McDonalds konnte im erste Quartal seinen Umsatz und Gewinn in den USA steigern. Anteil daran haben auch neue Chicken Sandwiches.
McDonald's Filialen
Eine Person hält eine McDonalds-Bestellung. (Symbolbild) - sda

Das Wichtigste in Kürze

  • In den USA kann McDonalds seinen Gewinn auf 1,5 Milliarden Dollar steigern.
  • Die Staatshilfen für Bürger haben dort die Verbraucherausgaben angeschoben.
  • In Deutschland und Frankreich hingegen sinkt der Absatz.

McDonald's hat zu Jahresbeginn dank begehrter neuer Produkte im US-Heimatmarkt gute Geschäfte gemacht.

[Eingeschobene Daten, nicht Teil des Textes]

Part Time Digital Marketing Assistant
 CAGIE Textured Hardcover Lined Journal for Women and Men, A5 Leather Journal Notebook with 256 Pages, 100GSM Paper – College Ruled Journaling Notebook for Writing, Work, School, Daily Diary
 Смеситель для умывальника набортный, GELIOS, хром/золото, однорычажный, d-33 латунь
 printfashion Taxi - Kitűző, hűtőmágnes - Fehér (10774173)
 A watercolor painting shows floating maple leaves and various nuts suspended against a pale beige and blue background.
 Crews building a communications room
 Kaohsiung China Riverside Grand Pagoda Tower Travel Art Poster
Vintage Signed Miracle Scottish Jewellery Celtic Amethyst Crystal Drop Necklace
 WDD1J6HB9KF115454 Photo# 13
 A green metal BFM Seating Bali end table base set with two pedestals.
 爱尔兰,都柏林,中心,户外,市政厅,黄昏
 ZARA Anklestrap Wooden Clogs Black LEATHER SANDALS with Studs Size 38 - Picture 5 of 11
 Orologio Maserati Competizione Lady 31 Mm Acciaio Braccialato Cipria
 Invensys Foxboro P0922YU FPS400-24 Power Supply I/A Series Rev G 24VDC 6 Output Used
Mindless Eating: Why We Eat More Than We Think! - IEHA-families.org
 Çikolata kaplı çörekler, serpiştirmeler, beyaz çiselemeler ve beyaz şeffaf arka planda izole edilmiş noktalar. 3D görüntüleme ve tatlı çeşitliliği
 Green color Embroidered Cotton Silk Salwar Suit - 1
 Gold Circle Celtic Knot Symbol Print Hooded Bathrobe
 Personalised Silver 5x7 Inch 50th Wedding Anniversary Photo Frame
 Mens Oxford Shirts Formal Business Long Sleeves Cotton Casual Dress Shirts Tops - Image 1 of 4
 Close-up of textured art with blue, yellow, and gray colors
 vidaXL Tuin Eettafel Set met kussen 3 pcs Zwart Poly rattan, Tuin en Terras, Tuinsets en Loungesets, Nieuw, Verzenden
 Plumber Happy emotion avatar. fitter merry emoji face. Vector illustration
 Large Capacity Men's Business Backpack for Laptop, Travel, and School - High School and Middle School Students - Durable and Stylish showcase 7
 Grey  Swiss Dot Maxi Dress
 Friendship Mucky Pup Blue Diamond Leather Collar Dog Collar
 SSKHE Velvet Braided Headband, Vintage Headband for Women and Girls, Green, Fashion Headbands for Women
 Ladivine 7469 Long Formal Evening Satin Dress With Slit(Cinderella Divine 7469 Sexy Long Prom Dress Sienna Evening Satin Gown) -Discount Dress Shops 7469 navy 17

Im ersten Quartal stieg der Gewinn im Jahresvergleich um 39 Prozent auf 1,5 Milliarden Dollar. Dies teilte der weltgrösste Fast-Food-Konzern am Donnerstag mit.

Die Erlöse wuchsen um neun Prozent auf 5,1 Milliarden Dollar, der flächenbereinigte Absatz stieg um 7,5 Prozent. Besonders in den USA, wo Corona-Staatshilfen die Verbraucherausgaben anschoben, boomte das Geschäft.

Nach dem Erfolg von Rivalen wie Chick-fil-A und Popeyes brachte auch McDonald's neue Chicken Sandwiches heraus. Damit traf man den Geschmack der US-Kundschaft. International lief es hingegen weniger gut, in Frankreich und Deutschland etwa sank der Absatz aufgrund von Corona-Lockdowns.